* [Record excerpts]:
_ _ _ _
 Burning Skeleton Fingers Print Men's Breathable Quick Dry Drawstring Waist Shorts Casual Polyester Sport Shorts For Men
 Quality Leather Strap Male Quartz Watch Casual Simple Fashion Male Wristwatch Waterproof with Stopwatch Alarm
_ _ _ _
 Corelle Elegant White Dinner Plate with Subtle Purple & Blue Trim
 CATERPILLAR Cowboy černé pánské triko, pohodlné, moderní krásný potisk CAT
_ _ _ _
* [Aim of the task]: In the entries above, find the line with "Corelle Elegant White" and the line with "CATERPILLAR Cowboy černé", then set down exactly those two and every line between them, nothing else.

* [Written response]:
 Corelle Elegant White Dinner Plate with Subtle Purple & Blue Trim
 CATERPILLAR Cowboy černé pánské triko, pohodlné, moderní krásný potisk CAT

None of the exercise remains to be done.